About this exercise —
Produce a copy of every line in the records that holds the string "снимка".

#### Listed records ####

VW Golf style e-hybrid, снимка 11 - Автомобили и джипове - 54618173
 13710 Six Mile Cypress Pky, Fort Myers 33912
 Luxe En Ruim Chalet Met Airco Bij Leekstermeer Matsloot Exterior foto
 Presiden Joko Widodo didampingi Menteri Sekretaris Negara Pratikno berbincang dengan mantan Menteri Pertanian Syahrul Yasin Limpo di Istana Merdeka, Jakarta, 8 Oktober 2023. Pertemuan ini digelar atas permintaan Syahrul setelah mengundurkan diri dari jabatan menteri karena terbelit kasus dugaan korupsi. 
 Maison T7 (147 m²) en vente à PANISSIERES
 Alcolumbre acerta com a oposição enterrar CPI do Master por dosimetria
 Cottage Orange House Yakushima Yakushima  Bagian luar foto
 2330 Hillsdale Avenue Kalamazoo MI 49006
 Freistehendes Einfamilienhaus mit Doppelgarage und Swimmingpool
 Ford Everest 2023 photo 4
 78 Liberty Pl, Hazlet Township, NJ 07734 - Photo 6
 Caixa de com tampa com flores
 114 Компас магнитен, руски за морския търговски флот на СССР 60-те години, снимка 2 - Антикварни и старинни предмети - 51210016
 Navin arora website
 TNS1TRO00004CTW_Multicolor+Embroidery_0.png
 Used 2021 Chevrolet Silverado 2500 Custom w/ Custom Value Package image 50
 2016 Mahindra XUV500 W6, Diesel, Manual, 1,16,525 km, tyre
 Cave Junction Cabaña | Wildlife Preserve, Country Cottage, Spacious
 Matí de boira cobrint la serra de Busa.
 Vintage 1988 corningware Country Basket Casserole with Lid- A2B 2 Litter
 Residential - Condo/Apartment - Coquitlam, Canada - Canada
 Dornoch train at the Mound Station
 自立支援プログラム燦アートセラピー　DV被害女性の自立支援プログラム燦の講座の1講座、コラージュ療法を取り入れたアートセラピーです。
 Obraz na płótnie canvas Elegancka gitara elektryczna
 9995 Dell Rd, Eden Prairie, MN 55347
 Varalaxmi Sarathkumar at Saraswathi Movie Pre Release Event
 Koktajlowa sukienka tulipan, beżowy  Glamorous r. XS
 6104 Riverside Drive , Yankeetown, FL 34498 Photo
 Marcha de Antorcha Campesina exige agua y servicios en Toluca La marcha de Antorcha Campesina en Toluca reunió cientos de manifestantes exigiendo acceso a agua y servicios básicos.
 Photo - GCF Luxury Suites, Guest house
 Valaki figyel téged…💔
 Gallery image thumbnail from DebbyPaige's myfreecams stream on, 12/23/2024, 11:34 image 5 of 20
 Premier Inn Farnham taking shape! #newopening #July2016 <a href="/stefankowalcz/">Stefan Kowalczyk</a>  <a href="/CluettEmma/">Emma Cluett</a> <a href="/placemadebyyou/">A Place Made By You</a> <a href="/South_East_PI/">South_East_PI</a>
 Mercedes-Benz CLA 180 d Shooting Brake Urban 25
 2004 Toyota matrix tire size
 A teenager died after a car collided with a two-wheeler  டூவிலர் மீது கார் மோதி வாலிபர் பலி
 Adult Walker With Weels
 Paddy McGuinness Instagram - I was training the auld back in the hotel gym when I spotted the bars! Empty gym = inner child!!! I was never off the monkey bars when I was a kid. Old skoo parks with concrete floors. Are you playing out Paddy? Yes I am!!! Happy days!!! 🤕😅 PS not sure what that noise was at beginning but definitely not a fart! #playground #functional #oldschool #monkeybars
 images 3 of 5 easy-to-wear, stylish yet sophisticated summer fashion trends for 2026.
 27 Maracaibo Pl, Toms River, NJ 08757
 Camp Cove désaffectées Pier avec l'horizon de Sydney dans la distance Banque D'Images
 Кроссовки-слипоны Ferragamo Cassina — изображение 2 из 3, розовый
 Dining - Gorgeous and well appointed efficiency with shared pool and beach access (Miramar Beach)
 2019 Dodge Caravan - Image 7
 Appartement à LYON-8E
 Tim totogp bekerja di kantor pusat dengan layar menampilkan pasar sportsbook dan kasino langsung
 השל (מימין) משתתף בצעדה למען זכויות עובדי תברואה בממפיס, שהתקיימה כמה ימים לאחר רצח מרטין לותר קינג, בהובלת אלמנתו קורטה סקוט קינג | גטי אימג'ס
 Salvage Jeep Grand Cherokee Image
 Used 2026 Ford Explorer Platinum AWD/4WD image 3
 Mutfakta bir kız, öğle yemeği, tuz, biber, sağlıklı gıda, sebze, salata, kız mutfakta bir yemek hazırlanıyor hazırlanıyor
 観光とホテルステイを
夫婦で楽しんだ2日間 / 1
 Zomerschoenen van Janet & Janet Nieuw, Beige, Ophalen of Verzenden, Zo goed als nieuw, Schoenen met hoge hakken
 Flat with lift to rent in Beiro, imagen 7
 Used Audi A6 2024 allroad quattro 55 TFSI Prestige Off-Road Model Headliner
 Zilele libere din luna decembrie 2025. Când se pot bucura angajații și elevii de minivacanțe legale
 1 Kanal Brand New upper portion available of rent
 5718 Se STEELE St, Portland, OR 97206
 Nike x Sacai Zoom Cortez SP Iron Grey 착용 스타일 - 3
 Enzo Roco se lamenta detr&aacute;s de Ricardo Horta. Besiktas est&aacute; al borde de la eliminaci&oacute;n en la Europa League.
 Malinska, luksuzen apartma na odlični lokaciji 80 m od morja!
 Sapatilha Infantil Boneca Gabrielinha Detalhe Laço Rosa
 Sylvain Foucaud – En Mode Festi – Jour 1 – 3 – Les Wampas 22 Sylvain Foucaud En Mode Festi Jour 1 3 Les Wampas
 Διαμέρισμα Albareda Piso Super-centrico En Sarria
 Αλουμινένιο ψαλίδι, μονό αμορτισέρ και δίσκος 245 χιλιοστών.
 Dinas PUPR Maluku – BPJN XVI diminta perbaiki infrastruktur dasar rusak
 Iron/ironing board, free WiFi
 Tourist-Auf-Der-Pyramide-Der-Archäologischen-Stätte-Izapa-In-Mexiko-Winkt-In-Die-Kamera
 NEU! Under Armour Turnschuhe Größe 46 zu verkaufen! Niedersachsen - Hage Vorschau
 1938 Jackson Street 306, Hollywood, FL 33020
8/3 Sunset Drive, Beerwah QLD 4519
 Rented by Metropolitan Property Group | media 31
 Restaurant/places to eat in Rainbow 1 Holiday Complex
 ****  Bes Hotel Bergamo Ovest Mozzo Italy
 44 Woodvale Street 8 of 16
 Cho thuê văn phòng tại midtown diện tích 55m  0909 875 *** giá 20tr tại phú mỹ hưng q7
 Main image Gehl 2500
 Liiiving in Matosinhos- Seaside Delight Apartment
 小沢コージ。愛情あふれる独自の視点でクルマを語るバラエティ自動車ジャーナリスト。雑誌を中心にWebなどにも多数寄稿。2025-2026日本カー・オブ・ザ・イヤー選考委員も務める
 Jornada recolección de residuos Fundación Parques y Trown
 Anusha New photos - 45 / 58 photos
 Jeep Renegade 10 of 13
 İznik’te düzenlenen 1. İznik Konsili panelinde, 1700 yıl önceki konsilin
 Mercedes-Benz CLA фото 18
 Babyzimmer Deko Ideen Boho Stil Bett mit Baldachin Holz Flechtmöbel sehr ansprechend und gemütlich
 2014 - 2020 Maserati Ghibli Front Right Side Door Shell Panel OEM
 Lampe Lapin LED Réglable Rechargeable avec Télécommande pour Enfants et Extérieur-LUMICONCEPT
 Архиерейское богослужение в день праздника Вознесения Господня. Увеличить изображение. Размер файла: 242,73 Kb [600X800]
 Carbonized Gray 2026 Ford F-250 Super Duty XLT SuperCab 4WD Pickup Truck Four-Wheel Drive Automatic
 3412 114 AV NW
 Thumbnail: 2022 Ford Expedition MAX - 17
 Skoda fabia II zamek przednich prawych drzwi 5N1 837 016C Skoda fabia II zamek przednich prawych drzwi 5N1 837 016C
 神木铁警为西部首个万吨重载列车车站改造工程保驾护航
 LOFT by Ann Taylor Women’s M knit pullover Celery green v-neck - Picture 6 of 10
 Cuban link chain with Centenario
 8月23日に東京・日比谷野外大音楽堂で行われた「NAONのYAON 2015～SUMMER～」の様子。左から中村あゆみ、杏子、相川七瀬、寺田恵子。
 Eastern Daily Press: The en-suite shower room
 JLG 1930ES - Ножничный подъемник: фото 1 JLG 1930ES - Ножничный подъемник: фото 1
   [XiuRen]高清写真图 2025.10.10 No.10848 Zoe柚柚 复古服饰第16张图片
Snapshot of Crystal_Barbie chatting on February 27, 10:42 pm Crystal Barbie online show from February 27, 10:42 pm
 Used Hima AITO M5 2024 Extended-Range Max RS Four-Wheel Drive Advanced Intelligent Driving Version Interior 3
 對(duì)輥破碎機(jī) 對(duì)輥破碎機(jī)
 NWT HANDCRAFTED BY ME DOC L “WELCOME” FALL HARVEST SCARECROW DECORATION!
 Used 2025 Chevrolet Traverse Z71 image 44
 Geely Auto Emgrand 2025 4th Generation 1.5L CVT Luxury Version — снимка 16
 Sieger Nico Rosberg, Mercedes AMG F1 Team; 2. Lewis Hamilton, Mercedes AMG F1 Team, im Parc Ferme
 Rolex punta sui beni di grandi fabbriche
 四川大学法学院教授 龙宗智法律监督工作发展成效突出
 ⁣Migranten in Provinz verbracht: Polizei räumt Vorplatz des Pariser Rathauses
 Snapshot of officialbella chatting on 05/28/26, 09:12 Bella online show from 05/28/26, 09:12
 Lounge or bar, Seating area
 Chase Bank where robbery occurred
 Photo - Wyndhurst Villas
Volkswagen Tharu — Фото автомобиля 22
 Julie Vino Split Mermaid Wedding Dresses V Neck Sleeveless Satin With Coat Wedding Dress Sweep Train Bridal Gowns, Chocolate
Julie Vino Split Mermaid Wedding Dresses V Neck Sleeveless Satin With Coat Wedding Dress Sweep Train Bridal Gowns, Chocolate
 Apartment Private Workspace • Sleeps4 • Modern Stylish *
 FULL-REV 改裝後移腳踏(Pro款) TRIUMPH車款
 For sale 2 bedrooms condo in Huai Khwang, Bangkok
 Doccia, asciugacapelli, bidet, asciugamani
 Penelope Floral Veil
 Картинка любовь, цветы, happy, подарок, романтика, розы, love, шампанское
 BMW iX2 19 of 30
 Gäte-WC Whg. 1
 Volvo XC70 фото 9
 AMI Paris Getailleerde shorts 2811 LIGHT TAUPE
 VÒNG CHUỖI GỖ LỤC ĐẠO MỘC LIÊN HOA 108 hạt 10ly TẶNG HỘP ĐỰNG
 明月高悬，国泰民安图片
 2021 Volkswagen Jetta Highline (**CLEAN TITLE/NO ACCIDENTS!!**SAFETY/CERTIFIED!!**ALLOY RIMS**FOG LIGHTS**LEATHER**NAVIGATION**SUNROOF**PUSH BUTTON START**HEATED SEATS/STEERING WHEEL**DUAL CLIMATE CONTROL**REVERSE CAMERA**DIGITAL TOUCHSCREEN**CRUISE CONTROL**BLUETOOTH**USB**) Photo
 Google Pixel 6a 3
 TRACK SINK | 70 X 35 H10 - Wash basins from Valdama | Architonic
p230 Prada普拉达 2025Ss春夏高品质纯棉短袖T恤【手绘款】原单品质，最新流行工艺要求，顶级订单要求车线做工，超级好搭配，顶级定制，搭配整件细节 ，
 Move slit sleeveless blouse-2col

####

Output of the task —
VW Golf style e-hybrid, снимка 11 - Автомобили и джипове - 54618173
 114 Компас магнитен, руски за морския търговски флот на СССР 60-те години, снимка 2 - Антикварни и старинни предмети - 51210016
 Geely Auto Emgrand 2025 4th Generation 1.5L CVT Luxury Version — снимка 16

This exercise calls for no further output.